Safe Haskell	None
Language	Haskell2010

NLP.ML.AvgPerceptron

Description

Average Perceptron implementation of Part of speech tagging, adapted for Haskell from this python implementation, which is described on the blog post:

http://honnibal.wordpress.com/2013/09/11/a-good-part-of-speechpos-tagger-in-about-200-lines-of-python/

The Perceptron code can be found on github:

https://github.com/sloria/TextBlob/blob/dev/text/_perceptron.py

Synopsis

Documentation

data Perceptron Source

The perceptron model.

Constructors

Perceptron

Fields

weights :: Map Feature (Map Class Weight): Each feature gets its own weight vector, so weights is a dict-of-dicts
totals :: Map (Feature, Class) Weight: The accumulated values, for the averaging. These will be keyed by feature/clas tuples
tstamps :: Map (Feature, Class) Int: The last time the feature was changed, for the averaging. Also keyed by feature/clas tuples (tstamps is short for timestamps)
instances :: Int: Number of instances seen

Instances

Eq Perceptron
Read Perceptron
Show Perceptron
Generic Perceptron
Serialize Perceptron
NFData Perceptron
type Rep Perceptron

newtype Class Source

The classes that the perceptron assigns are represnted with a newtype-wrapped String.

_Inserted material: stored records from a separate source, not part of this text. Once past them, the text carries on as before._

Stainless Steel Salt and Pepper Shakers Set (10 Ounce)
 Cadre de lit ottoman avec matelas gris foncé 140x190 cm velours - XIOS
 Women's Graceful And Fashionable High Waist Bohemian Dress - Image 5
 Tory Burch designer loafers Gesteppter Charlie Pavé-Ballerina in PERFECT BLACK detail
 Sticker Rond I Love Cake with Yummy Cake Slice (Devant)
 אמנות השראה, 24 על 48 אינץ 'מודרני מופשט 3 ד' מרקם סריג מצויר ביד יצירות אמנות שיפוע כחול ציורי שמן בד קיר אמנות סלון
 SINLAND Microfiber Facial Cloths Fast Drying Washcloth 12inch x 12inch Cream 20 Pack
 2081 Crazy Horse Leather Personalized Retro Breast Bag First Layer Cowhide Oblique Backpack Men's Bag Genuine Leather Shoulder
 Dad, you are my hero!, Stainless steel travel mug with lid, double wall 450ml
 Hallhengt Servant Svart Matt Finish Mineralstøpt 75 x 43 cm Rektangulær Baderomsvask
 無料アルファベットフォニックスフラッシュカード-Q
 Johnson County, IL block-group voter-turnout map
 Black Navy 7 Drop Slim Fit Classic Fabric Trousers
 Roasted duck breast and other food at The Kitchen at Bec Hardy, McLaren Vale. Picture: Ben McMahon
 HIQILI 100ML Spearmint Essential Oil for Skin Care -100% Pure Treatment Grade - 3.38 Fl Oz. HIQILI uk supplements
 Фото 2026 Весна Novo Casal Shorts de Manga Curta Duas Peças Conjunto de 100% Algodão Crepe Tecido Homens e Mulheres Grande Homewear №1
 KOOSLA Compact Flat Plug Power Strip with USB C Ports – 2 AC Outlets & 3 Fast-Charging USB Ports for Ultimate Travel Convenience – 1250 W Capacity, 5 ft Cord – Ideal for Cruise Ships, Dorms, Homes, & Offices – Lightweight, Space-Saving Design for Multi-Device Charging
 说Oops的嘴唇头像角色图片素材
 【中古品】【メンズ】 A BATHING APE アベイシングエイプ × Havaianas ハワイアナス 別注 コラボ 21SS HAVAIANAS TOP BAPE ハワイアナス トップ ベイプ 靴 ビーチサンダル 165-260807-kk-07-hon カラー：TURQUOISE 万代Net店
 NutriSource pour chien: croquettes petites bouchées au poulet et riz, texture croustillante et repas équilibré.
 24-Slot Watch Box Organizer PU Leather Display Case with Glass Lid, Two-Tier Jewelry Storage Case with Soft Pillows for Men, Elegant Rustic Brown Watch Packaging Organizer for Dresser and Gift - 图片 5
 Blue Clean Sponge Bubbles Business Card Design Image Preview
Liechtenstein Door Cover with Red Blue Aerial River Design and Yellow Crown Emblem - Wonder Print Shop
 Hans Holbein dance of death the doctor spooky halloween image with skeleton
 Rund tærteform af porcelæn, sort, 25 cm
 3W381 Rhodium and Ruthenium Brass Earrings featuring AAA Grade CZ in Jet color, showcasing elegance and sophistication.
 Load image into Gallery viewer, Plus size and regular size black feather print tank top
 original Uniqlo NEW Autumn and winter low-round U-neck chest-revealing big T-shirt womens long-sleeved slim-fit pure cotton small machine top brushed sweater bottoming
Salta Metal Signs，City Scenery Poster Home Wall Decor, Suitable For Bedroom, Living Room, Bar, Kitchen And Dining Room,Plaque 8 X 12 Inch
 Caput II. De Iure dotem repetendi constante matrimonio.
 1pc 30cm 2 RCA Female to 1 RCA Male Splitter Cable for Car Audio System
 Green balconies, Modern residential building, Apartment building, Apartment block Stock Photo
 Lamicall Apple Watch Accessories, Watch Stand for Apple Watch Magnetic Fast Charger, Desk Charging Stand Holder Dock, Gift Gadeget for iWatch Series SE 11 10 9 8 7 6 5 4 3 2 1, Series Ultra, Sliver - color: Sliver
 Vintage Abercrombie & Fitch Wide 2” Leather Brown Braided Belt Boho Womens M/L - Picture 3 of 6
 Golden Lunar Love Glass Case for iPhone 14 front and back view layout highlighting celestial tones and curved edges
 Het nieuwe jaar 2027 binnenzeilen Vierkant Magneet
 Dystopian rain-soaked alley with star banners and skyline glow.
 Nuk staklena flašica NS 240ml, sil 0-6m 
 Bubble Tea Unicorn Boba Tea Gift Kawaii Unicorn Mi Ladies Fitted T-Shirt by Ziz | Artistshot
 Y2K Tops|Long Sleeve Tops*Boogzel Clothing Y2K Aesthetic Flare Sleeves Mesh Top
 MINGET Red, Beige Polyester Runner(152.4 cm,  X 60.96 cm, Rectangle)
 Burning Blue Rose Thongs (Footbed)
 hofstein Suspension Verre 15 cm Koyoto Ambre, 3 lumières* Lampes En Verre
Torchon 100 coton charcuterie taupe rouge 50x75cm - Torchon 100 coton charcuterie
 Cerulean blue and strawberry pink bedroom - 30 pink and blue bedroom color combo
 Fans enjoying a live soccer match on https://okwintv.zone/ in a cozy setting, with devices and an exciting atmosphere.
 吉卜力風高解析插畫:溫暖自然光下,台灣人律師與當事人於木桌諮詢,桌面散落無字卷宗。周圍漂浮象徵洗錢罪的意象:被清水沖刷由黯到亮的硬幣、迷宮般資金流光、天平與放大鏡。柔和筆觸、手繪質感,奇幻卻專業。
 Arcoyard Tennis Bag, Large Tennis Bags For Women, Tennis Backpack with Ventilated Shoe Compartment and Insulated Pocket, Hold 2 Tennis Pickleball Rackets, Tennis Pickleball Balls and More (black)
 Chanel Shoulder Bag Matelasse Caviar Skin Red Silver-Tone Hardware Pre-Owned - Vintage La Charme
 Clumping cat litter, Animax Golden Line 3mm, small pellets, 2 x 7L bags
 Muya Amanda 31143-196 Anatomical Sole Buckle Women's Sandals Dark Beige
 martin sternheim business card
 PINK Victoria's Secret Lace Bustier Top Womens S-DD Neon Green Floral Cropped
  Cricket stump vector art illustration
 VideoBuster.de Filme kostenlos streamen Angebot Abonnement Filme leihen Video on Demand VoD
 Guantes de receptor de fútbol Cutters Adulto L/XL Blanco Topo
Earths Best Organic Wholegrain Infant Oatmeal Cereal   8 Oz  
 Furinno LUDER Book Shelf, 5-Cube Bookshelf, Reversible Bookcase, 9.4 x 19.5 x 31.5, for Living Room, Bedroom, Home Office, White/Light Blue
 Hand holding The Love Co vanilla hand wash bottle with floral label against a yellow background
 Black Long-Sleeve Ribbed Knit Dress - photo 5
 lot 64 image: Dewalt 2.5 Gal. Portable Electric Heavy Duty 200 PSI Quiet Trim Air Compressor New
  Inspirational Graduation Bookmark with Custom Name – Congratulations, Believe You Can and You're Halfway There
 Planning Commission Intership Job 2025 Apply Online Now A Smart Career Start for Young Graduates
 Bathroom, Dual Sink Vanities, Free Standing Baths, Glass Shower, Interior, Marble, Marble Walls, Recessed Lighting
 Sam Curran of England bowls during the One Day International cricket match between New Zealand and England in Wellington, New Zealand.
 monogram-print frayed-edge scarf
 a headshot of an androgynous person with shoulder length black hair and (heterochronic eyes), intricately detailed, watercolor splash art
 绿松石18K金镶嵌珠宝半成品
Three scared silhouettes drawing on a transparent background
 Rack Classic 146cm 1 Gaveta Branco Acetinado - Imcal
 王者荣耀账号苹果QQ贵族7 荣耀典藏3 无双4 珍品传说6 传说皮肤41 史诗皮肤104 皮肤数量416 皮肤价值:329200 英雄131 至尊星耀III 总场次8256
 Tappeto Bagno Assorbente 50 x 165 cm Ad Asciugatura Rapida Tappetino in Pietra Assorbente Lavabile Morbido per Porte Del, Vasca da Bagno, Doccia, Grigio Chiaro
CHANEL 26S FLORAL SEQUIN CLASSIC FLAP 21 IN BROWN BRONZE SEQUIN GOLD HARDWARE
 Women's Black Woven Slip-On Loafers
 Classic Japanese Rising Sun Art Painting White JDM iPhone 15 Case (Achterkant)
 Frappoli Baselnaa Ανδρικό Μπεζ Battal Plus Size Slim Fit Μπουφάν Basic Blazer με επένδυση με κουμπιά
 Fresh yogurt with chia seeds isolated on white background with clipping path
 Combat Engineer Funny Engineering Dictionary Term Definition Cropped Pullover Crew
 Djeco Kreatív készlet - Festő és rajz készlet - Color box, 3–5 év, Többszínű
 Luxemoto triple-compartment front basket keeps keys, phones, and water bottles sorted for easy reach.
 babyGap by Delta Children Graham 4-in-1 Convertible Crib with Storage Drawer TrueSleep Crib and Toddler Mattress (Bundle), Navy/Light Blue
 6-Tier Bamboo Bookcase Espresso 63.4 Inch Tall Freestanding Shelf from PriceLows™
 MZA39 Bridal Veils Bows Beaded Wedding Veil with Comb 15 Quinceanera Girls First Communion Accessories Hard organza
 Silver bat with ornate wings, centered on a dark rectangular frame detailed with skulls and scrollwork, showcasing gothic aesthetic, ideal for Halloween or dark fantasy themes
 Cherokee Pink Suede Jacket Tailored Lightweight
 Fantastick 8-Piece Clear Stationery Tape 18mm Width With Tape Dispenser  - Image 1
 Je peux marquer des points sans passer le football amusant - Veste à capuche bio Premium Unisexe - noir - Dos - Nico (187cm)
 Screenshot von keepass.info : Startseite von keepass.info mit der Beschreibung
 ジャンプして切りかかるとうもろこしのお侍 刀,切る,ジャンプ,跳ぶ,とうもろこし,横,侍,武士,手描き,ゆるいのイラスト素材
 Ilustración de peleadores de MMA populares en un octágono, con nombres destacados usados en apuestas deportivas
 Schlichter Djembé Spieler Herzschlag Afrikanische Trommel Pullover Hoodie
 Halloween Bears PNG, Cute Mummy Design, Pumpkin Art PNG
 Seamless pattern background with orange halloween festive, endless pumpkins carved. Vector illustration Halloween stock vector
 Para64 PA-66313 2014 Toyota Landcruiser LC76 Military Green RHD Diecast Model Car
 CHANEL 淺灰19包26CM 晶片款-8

Eventually, I think this should become a typeclass, so the classes can be defined by the users of the Perceptron (such as custom POS tag ADTs, or more complex classes).

Constructors

Class String

Instances

Eq Class
Ord Class
Read Class
Show Class
Generic Class
Serialize Class
type Rep Class

type Weight = Double Source

Typedef for doubles to make the code easier to read, and to make this simple to change if necessary.

newtype Feature Source

Constructors

Feat Text

Instances

Eq Feature
Ord Feature
Read Feature
Show Feature
Generic Feature
Serialize Feature
type Rep Feature

emptyPerceptron :: Perceptron Source

An empty perceptron, used to start training.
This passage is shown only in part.